What is your job title and what does that mean?
My job title is Youth Support Worker, which means I work on our Youth Team supporting the young people in our homes in a variety of ways.
What does your day to day role look like?
Every day is different! As much as you try to plan your day things do change. As well as the usual youth club team work where we plan holiday activities I also work with the Youth Offending Team (YOT), where I am a panel member. As a panel member I regularly meet with a young person who has offended as an alternative to putting them in custody. The panel works with the YOT in writing referral orders for young people. I liaise with social services, YSMART, Devon County Council and make referrals to CAMHS as well as writing safeguarding reports.
I provide 121 support for young people and their families with planned goals and targets, and signpost them to agencies such as Positive People to help them get back on track. I also train weekly at our gym sessions for young people to stimulate their endorphins and keep them fit.
Why and how did you become a youth worker?
After 10 years of service as a Police Officer I left Thames Valley Police as I felt criminalising young people and vulnerable adults for minor crimes was the wrong way to tackle and prevent their reoffending.
I became more interested in the causal factors of crime and furthered my knowledge by studying a degree in criminology. I moved away and started a fresh here in sunny North Devon and felt that youth work would be my next adventure.
What do you enjoy about being a youth worker?
You never quite know what challenges you are going to be met with. I really like being to help young people, support them through troubled times and see them blossom.
What issues do you come across as a youth worker?
After being in the police and having certain powers such as the ability to have information about people easily accessible I have found it frustrating how youth workers aren’t privy to much information at all! We have to do our own investigations and work extremely hard to build a relationship and help the best way we can with all young people and their families; yet we are faced with barriers when sometimes other agencies will not share information.
What themes do you cover at youth clubs and why?
We cover all sorts! Mental health is a huge umbrella – depression, anxiety, self-harm, body image, relationships, being safe, drugs, alcohol us, bereavement, criminal activity, being active, healthy eating, growing up, cyber crime and the use of social media. We cover whatever we think is prevalent at the time with the young people.
Do your young people relate to you and engage with you?
I work more on a 121 basis and in smaller groups as simply that is my strength and I really enjoy that part of my work. I do believe young people engage well with me and that the relationships I have with the guys is a good one. I feel that they trust me and know that I will always do my best to help provide advice and support about anything when I can; which in turn makes me feel good about the work I do as well.
Do you find young people suffer with mental health issues more than other generations?
Mental health is discussed more than it ever has been as far as I am aware. This should be seen as a positive. My concern is that young people are vulnerable to accessing all manner of behaviours mainly through the internet and social media.

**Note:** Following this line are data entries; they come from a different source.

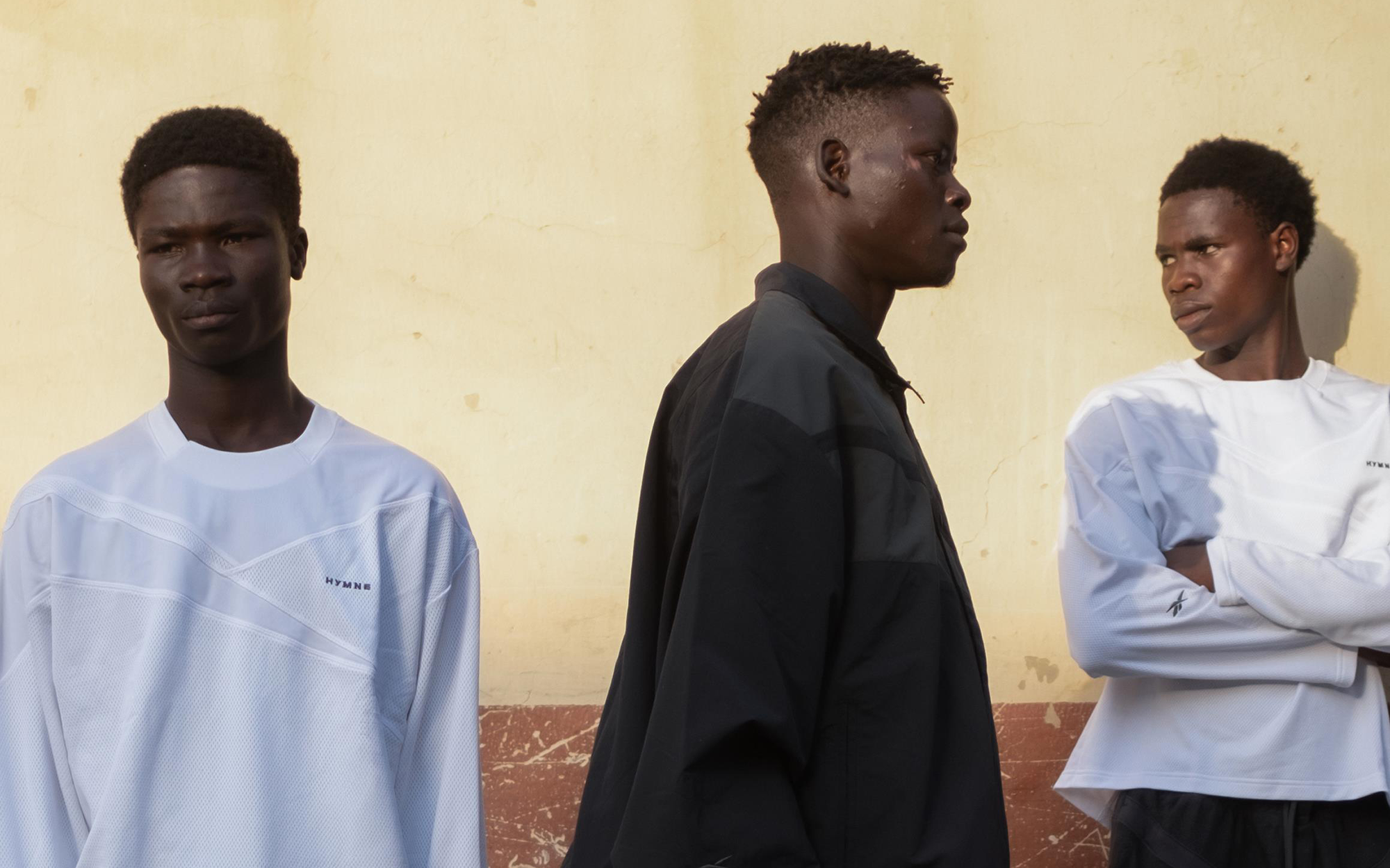 HYMNE's Jide Osifeso Named Head of Reebok Basketball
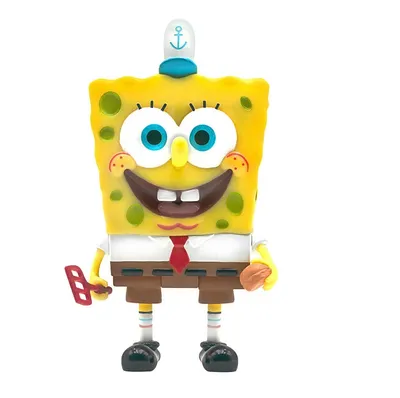 Российский зоомагазин глазами создателей мультфильма Губка Боб / sponge bob  :: Мультфильмы :: Spongebob :: Губка Боб :: Боб :: спанч боб :: спанчбоб ::  Россия :: рашка :: песочница - JoyReactor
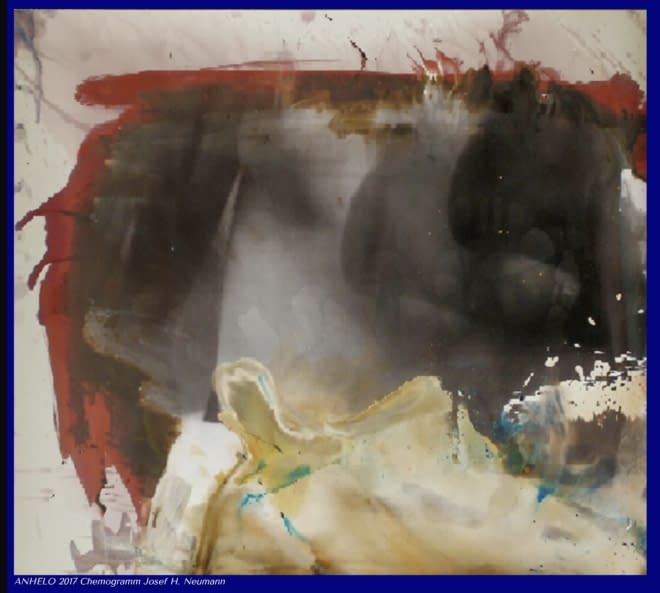 Foto 1 des Kunstwerks "Anhelo" von Josef H. Neumann auf art24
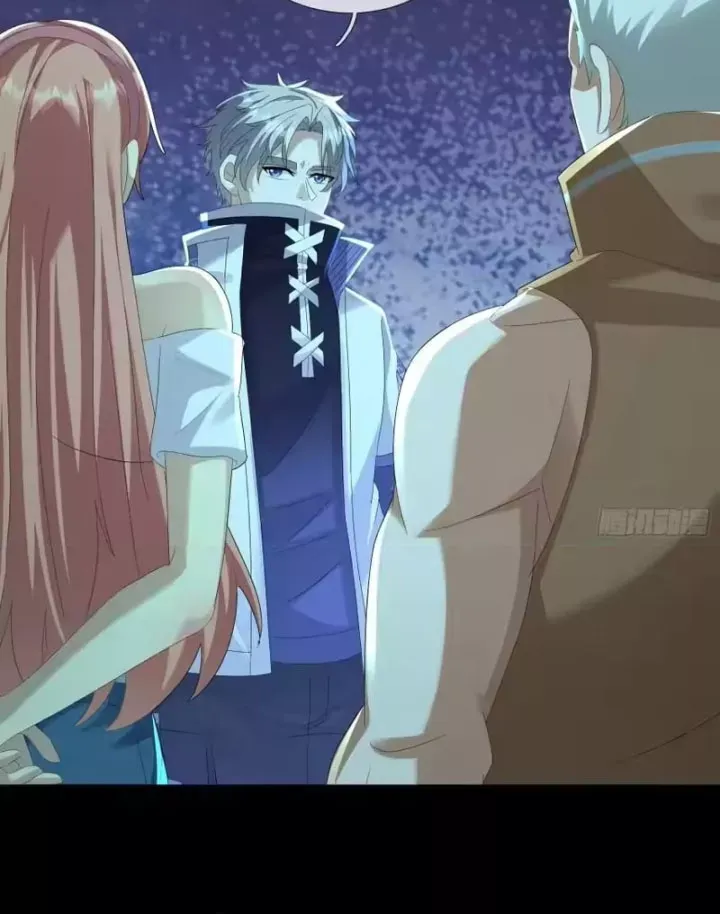 Toàn Cầu Sợ Hãi: Tôi Mở Hack Tự Chọn Cửa Hàng Chapter 50 - 55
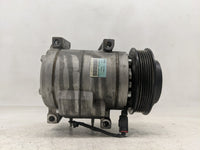 2011-2013 Chrysler 300 Air Conditioning A/c Ac Compressor Oem - Oemusedautoparts1.com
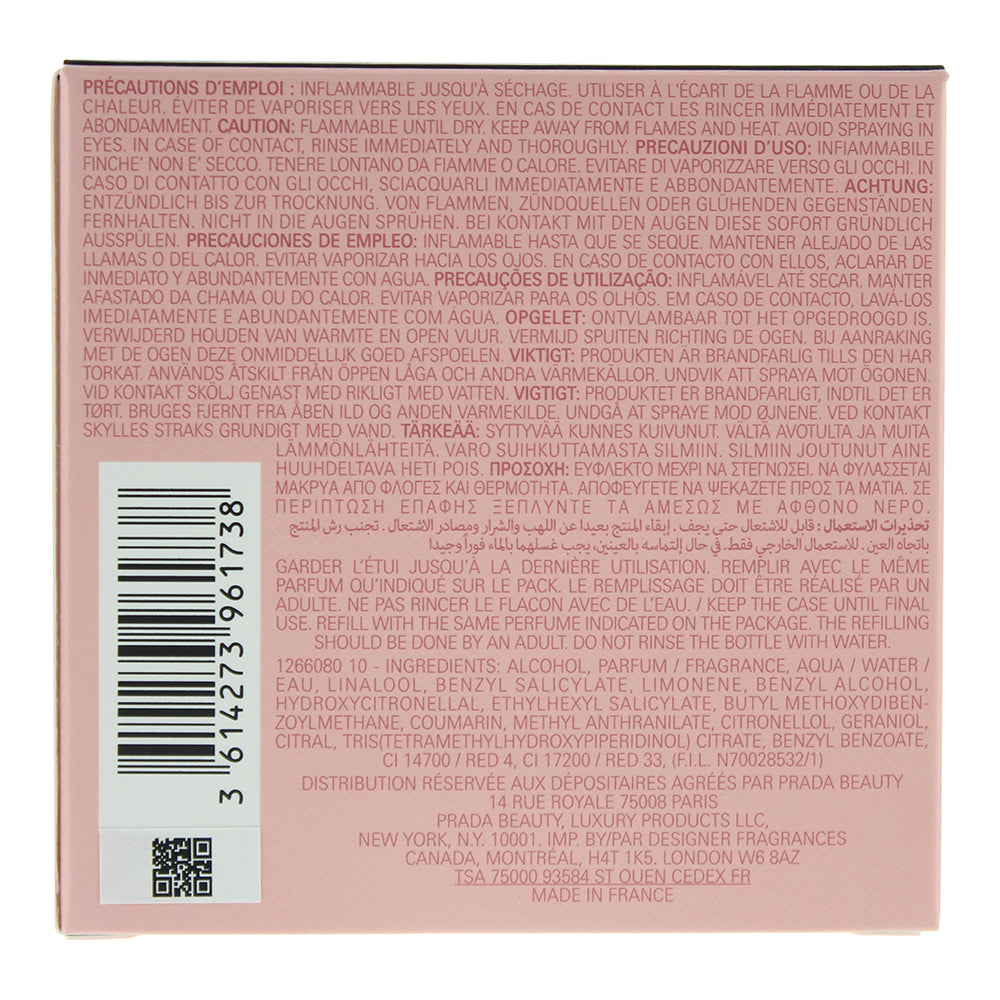Prada Paradoxe Intense Eau de Parfum 30ml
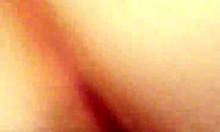 narrative of fingering my bbw girlfriend in intimate interracial moment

This leaves some young people to follow these behaviours and identify the problem inaccurately, which then becomes a self fulfilling prophecy and eventually true. They label themselves as suffering from mental health when in actual fact they maybe just be struggling with adolescence and growing up. The transition from a young person to adulthood can be challenging. Mental health is a serious subject and not just a trend for young people. Research has demonstrated that there is a correlation between the use of social media and depression. The visibility online can be damaging allowing us to present our own sense of filtered reality of what we want to show; this ultimately becomes a benchmark for critical analysis of their own successes and failures in life. This could lead to exacerbating a young person’s mental health and increasing their low self esteem. Furthermore a young person who spends too much time using social media in the world that social media creates could make it much harder for a young person to cope in the real world that is vastly greater.
Give an example of a mental health issue that you’ve been able to help with?
A young person has a drug addiction and has been in trouble with the police for drug related offences. He was a target for county lines and has been threatened by drug dealers. He, due to his cannabis use, suffers from psychosis and struggles with maintaining a happy outlook unless under the influence of drugs. His family relationships broke down and now a young adult, he is unable to drive due to frequent drug use and recorded Mental health problems.
I have supported him for my entire employment as a youth worker, attended YSMART meetings with him, mental health assessments, assisted him in police custody and found him employment. No offences have been committed for a year and he has held down a job for a year now. His mental health will improve when he can beat his drug addiction.
What tips would you give to anyone who’s suffering or has someone who is suffering with a mental illness?
Speak to somebody and don't struggle on your own and if it’s someone you know do the same, let someone you trust know about their problems.
Anything else to add about mental health?
We teach our young people to be proud of who they are and to be their beautiful unique selves. If they are unhappy about any aspect and wish to change their body image, as long as it’s safe we will support them. The gym training teaches young people to maintain healthy weights and eat healthily as well as getting them to feel the natural happy drug we produce through exercise, endorphins. Exercise is key to a lot of people’s lives in managing mental health.